▶ **DATA PROVIDED**:
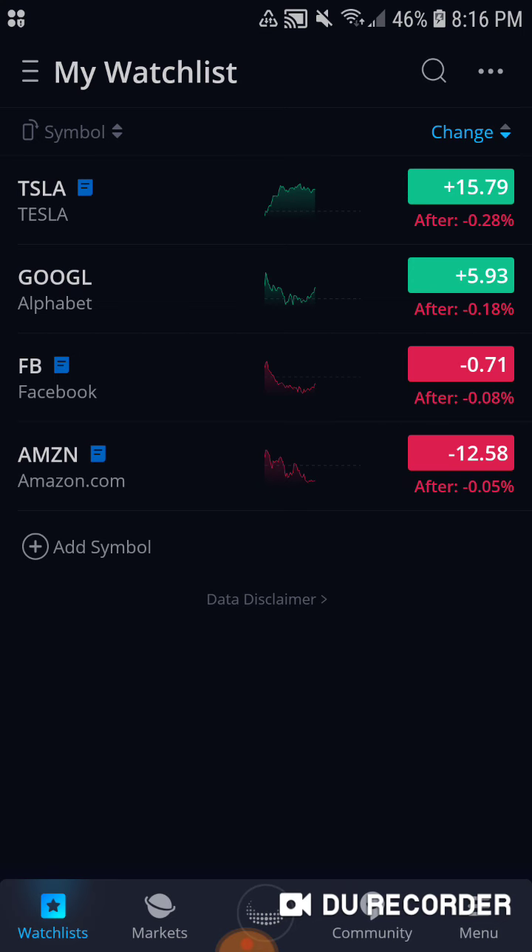Given that I can't buy fractional shares, with the $100 I have, I can't put like $25 each into Tesla, Google, Facebook, or Amazon.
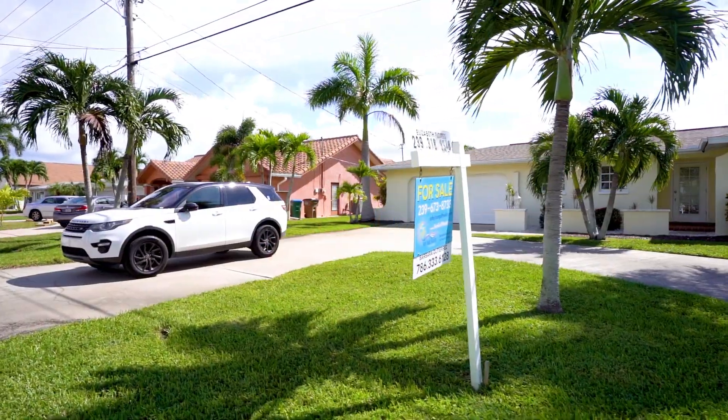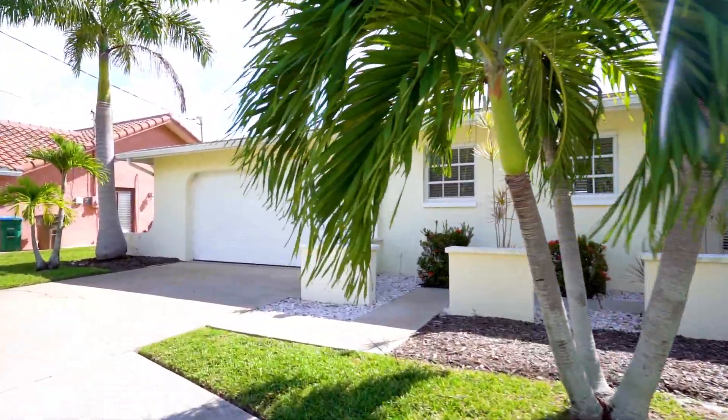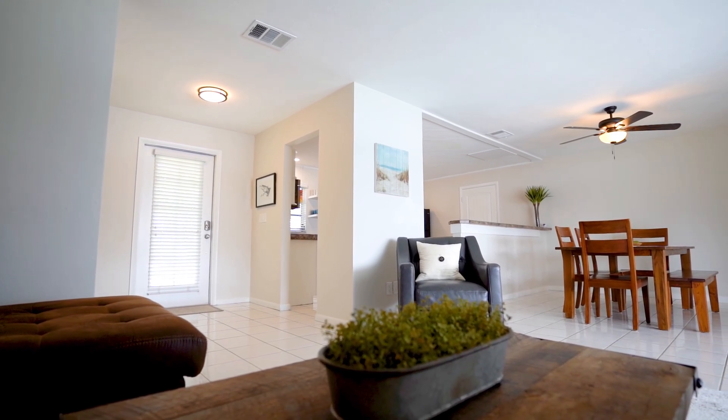Hi, welcome to this beautiful golf access home located in Cape Coral, Florida, 5015 Skyline Boulevard South. This home offers a spacious split floor plan with the owner's suite on one side and guest rooms to the other, giving you and your guests total privacy. Let's take a quick look around.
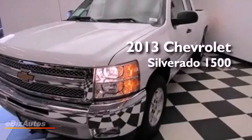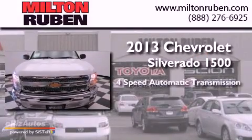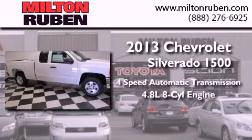This is a brand new 2013 Chevrolet Silverado 1500. This truck has a 4-speed automatic transmission and a 4.8-liter V8.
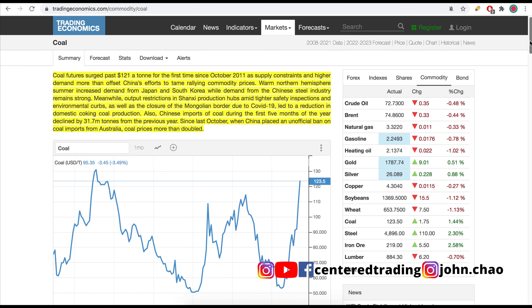Taking a quick look at tradingeconomics.com, we can see coal prices are showing up since last year. We're almost to that peak that was hit back in 2011.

▶ **WHAT YOU HAVE TO DO**: Find the line with "This is a brand" in the listing and extract it and all lines after it through the end, exactly, without the pictures.

▶ **SOLUTION TO THIS PROBLEM**:
This is a brand new 2013 Chevrolet Silverado 1500. This truck has a 4-speed automatic transmission and a 4.8-liter V8.
Taking a quick look at tradingeconomics.com, we can see coal prices are showing up since last year. We're almost to that peak that was hit back in 2011.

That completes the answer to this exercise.